• [DATA SUPPLIED]
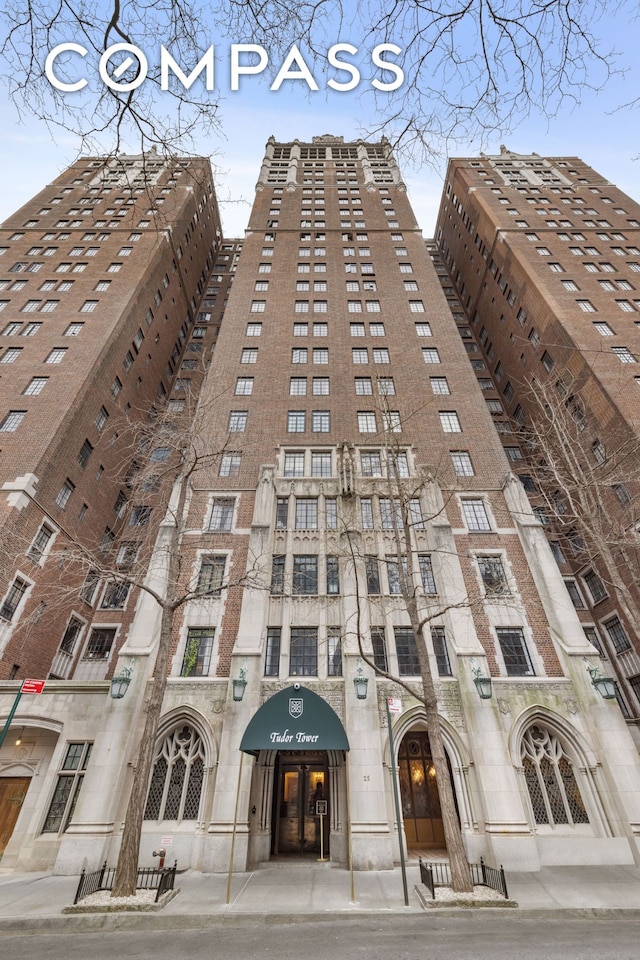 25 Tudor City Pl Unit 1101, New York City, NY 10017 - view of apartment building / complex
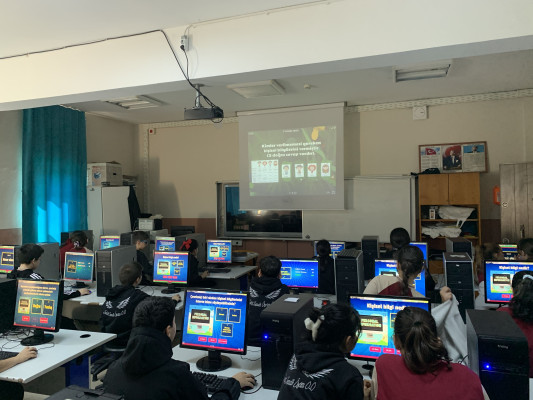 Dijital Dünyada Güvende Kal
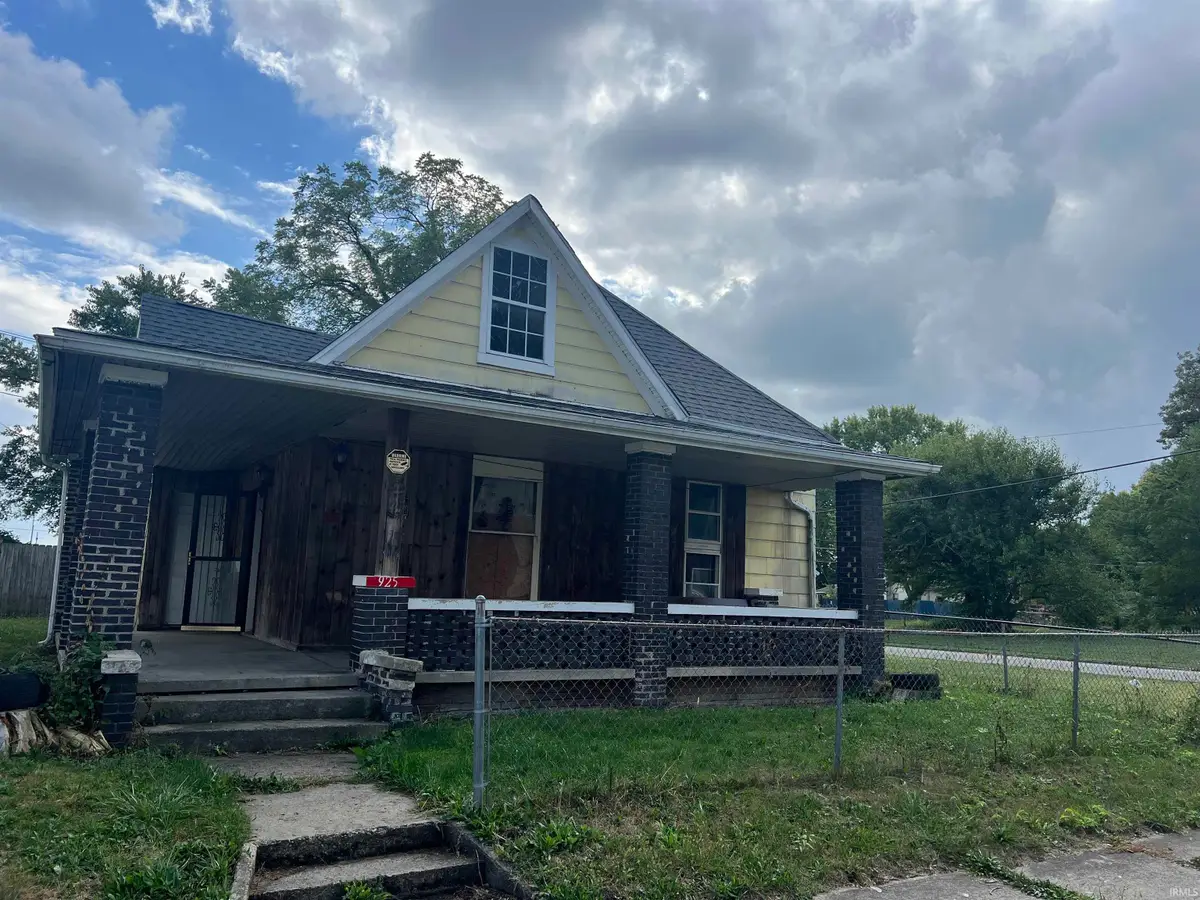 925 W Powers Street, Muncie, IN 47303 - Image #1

...

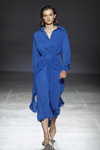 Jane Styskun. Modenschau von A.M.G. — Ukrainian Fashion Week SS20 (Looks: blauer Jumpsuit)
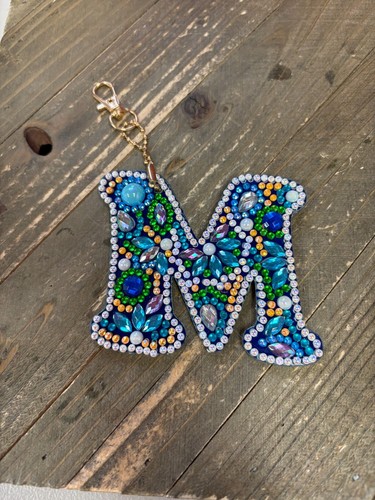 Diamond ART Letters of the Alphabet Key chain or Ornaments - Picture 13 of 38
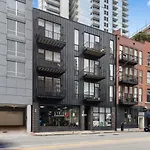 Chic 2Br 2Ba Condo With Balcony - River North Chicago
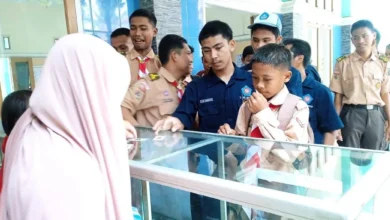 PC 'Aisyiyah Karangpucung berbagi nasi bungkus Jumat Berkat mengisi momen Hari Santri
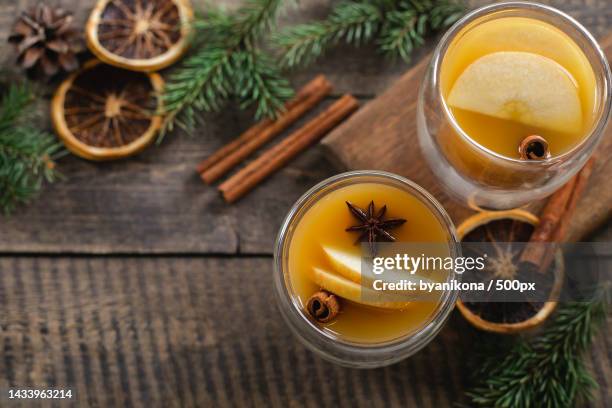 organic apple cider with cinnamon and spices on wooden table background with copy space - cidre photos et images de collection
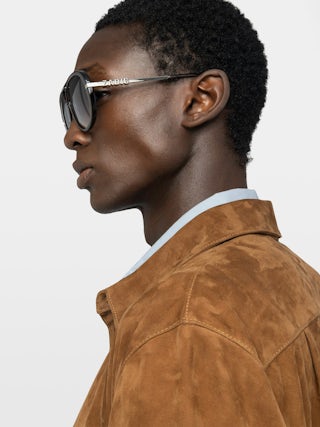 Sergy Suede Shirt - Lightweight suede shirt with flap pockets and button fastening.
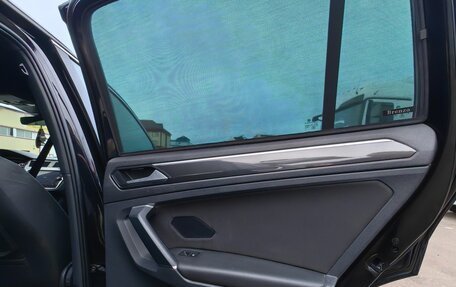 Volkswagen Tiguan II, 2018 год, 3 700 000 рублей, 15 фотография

---

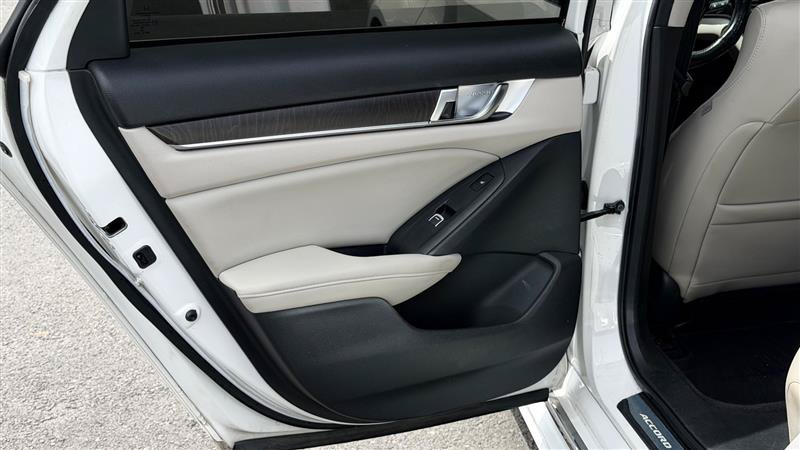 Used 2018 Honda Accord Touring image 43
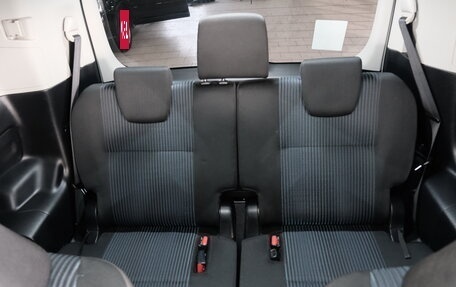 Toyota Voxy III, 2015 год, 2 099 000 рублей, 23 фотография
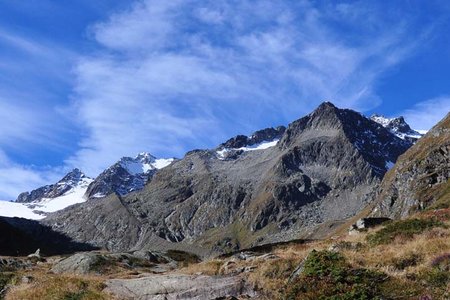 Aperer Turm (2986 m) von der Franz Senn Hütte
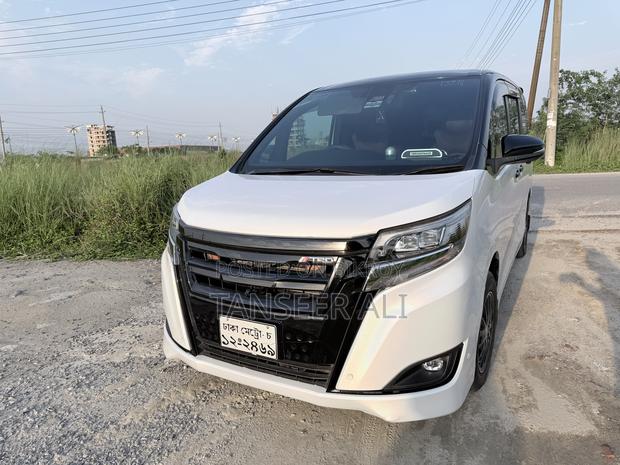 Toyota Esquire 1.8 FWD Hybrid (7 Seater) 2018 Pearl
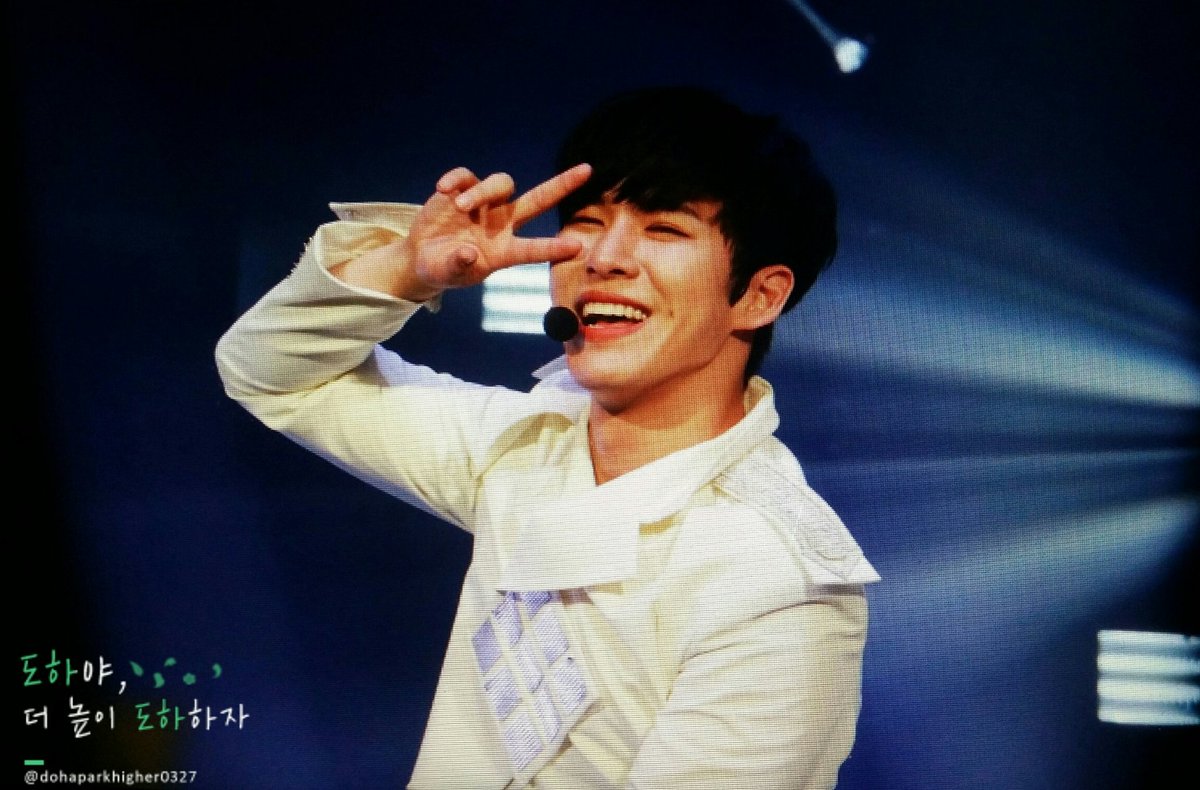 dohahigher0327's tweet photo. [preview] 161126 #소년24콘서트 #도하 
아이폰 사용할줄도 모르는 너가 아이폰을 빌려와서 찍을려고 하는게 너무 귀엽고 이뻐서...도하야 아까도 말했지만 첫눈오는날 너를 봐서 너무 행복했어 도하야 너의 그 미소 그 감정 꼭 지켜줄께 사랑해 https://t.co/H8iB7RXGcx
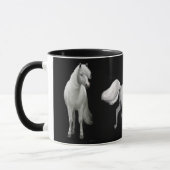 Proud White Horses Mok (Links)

• [EXERCISE OBJECTIVE] In the listing above, find the line containing "25 Tudor City" and the line containing "925 W Powers", then output those two lines and everything between them exactly as written, without the images.

• [SOLUTION TO THIS TASK]
 25 Tudor City Pl Unit 1101, New York City, NY 10017 - view of apartment building / complex
 Dijital Dünyada Güvende Kal
 925 W Powers Street, Muncie, IN 47303 - Image #1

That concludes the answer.